In [1]:
# 런타임 애러 방지
import gc
import torch

gc.collect()
torch.cuda.empty_cache()

In [2]:
import pandas as pd

train_set = pd.read_csv('data/병합데이터셋-v3.csv', index_col=0) 

# 감정을 정수 라벨로 변경
emotions = {'행복': 0, '불안': 1, '놀람': 2, '슬픔': 3, '분노': 4, '중립': 5 }
train_set['emotion'] = train_set.emotion.map(emotions)

train_set.sample(n=5)

Unnamed: 0,sentence,emotion
104731,중학교 때 심한 따돌림으로 트라우마가 생겨 사람들과 소통하기가 너무 힘들어.,1
77275,"어, 데리고 나올 거야?",5
96204,나는 진로는 성적이 충분히 좋게 나오면 결정하기로 했어. 그래도 늦지 않을 것 같아.,1
38365,아..누나. 좀 일어나보시지. 누나.,5
46951,안 그러던 동생이 나한테 먹을 거를 갖다 주어서 당황스러웠어.,1


In [3]:
# 라이브러리 불러오기
import torch
from torch import nn
import torch.nn.functional as F
import torch.optim as optim
from torch.utils.data import Dataset, DataLoader
import numpy as np
from tqdm.notebook import tqdm
from sklearn.model_selection import train_test_split
import gluonnlp as nlp

#kobert
from kobert_tokenizer import KoBERTTokenizer

# transformers
from transformers import BertModel
from transformers import AdamW
from transformers.optimization import get_cosine_schedule_with_warmup

# GPU 사용시 필요
device = torch.device("cuda")

In [4]:
tokenizer = KoBERTTokenizer.from_pretrained('skt/kobert-base-v1')
bertmodel = BertModel.from_pretrained('skt/kobert-base-v1', return_dict=False)
vocab = nlp.vocab.BERTVocab.from_sentencepiece(tokenizer.vocab_file, padding_token='[PAD]')
tok = tokenizer.tokenize

# Setting parameters
max_len = 64    
batch_size = 32 #베이스라인 64
warmup_ratio = 0.1
num_epochs = 5  # 에포크 횟수
max_grad_norm = 1
log_interval = 200
learning_rate =  5e-5

In [5]:
# 모델에 사용되는 데이터셋 클래스 정의
class BERTDataset(Dataset):
    def __init__(self, dataset, sent_idx, label_idx, bert_tokenizer,vocab, max_len,
                 pad, pair):
   
        transform = nlp.data.BERTSentenceTransform(
            bert_tokenizer, max_seq_length=max_len,vocab=vocab, pad=pad, pair=pair)
        
        self.sentences = [transform([i[sent_idx]]) for i in dataset]
        self.labels = [np.int32(i[label_idx]) for i in dataset]

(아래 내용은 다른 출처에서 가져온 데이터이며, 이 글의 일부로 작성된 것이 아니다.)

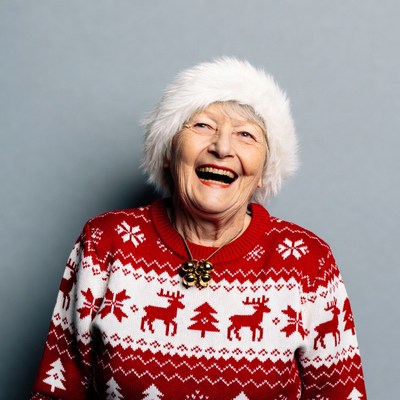 Elderly woman laughing in Christmas sweater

    def __getitem__(self, i):
        return (self.sentences[i] + (self.labels[i], ))
         
    def __len__(self):
        return (len(self.labels))

In [6]:
# 감성 분류 모델 정의
class BERTClassifier(nn.Module):
    def __init__(self,
                 bert,
                 hidden_size = 768,
                 num_classes=7,     
                 dr_rate=None,
                 params=None):
        super(BERTClassifier, self).__init__()
        self.bert = bert
        self.dr_rate = dr_rate
                 
        self.classifier = nn.Linear(hidden_size , num_classes)
        if dr_rate:
            self.dropout = nn.Dropout(p=dr_rate)
    
    def gen_attention_mask(self, token_ids, valid_length):
        attention_mask = torch.zeros_like(token_ids)
        for i, v in enumerate(valid_length):
            attention_mask[i][:v] = 1
        return attention_mask.float()

    def forward(self, token_ids, valid_length, segment_ids):
        attention_mask = self.gen_attention_mask(token_ids, valid_length)
        
        _, pooler = self.bert(input_ids = token_ids, token_type_ids = segment_ids.long(), attention_mask = attention_mask.float().to(token_ids.device))
        if self.dr_rate:
            out = self.dropout(pooler)
        return self.classifier(out)

In [7]:
# 모델 학습에 사용할 데이터셋을 [data, label] 배열로 피팅
train_set_data = [[i, str(j)] for i, j in zip(train_set['sentence'], train_set['emotion'])]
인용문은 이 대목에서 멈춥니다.